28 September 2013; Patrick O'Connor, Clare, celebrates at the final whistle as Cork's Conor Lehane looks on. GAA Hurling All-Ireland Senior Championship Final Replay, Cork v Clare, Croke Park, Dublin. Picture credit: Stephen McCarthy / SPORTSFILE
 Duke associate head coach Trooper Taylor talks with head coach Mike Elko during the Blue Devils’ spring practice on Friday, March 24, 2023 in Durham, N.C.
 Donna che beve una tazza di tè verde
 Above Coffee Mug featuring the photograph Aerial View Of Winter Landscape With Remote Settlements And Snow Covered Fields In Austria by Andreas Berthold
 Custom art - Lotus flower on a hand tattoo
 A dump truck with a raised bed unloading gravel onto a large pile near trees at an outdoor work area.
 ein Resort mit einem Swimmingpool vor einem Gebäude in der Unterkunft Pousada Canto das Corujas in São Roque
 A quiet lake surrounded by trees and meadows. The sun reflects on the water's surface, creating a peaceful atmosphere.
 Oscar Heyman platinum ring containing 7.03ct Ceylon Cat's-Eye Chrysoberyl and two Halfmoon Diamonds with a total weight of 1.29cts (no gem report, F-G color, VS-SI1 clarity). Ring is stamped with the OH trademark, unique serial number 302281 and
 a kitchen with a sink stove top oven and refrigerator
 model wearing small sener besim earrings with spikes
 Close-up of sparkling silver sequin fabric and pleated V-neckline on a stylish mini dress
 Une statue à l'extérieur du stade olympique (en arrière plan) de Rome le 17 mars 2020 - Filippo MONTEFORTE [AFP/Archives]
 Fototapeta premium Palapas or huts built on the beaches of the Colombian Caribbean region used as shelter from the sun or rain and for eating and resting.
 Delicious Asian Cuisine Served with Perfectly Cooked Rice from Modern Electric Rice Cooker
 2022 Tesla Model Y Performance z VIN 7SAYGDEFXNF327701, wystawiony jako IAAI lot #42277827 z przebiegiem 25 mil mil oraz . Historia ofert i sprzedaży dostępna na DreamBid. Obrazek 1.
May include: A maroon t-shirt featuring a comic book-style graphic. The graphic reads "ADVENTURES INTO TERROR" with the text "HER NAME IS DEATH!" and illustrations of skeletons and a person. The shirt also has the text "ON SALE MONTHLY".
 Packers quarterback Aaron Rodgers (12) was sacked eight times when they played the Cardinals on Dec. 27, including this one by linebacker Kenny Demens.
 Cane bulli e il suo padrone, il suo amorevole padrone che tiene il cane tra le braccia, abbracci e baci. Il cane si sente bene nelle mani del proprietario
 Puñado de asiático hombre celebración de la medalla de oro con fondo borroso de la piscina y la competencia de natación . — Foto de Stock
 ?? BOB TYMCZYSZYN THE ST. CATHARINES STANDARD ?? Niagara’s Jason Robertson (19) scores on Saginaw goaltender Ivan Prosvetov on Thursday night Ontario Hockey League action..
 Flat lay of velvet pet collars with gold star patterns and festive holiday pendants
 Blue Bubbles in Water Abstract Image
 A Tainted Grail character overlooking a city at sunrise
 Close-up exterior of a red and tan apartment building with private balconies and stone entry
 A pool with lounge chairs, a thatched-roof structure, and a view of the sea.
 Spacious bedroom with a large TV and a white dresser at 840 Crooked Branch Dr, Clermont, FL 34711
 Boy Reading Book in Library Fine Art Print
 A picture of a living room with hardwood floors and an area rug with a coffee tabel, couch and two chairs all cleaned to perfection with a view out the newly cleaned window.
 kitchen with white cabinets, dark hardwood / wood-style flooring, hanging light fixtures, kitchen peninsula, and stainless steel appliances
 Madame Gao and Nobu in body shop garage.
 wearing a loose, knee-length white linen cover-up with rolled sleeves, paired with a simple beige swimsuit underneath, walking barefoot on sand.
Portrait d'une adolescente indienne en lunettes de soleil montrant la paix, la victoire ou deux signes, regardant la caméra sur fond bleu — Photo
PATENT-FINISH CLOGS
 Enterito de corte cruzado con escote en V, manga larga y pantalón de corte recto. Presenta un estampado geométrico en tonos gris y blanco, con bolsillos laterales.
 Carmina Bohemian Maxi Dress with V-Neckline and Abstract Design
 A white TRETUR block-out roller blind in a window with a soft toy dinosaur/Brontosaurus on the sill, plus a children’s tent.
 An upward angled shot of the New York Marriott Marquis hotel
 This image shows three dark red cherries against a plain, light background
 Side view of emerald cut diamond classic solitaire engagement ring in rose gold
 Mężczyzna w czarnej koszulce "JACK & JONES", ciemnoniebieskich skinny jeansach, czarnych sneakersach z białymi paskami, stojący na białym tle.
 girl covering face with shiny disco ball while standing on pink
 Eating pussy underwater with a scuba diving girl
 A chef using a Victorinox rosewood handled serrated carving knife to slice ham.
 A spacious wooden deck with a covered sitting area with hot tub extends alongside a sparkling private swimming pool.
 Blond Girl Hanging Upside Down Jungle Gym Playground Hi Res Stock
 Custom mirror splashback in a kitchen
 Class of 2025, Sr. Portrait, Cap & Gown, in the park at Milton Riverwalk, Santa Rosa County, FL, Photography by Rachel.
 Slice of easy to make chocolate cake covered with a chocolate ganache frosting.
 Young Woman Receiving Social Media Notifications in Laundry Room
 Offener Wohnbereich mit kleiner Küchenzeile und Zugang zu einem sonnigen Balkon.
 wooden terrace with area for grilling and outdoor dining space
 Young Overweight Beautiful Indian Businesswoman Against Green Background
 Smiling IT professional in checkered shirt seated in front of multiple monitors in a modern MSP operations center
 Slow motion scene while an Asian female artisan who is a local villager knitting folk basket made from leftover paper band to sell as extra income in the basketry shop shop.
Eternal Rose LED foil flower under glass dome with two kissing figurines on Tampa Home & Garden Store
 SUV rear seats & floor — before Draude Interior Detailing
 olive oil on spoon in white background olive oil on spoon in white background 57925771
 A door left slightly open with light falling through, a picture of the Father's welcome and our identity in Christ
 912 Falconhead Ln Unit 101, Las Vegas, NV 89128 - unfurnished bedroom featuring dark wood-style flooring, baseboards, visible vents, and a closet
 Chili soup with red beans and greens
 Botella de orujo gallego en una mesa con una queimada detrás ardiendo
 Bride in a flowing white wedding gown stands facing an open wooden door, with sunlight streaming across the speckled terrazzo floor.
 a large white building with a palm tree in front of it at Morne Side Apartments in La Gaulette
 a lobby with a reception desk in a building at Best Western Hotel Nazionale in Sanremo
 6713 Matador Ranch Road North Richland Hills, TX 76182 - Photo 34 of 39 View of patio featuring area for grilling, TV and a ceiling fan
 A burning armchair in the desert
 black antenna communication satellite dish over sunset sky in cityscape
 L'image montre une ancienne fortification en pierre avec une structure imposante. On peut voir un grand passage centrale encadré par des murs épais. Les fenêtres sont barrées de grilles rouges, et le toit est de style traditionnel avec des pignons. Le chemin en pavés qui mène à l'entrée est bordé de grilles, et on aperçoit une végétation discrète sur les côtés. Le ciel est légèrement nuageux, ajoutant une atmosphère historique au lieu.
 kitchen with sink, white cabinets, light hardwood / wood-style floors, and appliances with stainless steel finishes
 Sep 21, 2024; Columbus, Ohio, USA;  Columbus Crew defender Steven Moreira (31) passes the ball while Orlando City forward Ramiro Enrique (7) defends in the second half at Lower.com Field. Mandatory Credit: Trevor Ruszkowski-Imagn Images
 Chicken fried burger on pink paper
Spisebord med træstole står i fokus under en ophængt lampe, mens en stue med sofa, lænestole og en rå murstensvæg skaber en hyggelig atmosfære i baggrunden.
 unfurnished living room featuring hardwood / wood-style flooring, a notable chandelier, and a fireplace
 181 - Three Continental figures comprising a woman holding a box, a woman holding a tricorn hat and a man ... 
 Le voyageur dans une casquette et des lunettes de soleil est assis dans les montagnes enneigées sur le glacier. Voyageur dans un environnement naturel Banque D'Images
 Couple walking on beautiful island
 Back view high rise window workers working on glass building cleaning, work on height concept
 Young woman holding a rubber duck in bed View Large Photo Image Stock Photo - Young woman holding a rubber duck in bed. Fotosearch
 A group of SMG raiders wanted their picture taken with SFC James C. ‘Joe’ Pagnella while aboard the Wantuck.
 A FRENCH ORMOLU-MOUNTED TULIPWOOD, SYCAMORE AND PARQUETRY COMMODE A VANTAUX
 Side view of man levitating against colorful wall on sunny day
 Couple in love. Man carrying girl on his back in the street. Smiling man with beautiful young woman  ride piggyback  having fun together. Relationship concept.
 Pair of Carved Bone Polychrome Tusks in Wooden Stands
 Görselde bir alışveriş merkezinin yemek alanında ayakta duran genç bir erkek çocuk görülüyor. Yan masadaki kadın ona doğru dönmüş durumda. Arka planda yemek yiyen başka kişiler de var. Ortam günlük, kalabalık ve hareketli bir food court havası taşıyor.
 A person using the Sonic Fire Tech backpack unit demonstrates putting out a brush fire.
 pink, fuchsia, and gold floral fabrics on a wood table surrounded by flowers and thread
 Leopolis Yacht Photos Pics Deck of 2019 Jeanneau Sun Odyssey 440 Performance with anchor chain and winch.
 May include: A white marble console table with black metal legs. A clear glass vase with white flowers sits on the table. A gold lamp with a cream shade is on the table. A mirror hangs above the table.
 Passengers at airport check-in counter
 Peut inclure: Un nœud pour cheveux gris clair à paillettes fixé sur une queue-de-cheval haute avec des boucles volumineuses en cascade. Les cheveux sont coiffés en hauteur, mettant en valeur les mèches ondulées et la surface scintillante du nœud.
══════
● DIRECTIONS FOR THIS TASK: Of the lines above, output exactly those from the line bearing "A FRENCH ORMOLU-MOUNTED" through the line bearing "Görselde bir alışveriş", inclusive.

● ANSWER AREA:
 A FRENCH ORMOLU-MOUNTED TULIPWOOD, SYCAMORE AND PARQUETRY COMMODE A VANTAUX
 Side view of man levitating against colorful wall on sunny day
 Couple in love. Man carrying girl on his back in the street. Smiling man with beautiful young woman  ride piggyback  having fun together. Relationship concept.
 Pair of Carved Bone Polychrome Tusks in Wooden Stands
 Görselde bir alışveriş merkezinin yemek alanında ayakta duran genç bir erkek çocuk görülüyor. Yan masadaki kadın ona doğru dönmüş durumda. Arka planda yemek yiyen başka kişiler de var. Ortam günlük, kalabalık ve hareketli bir food court havası taşıyor.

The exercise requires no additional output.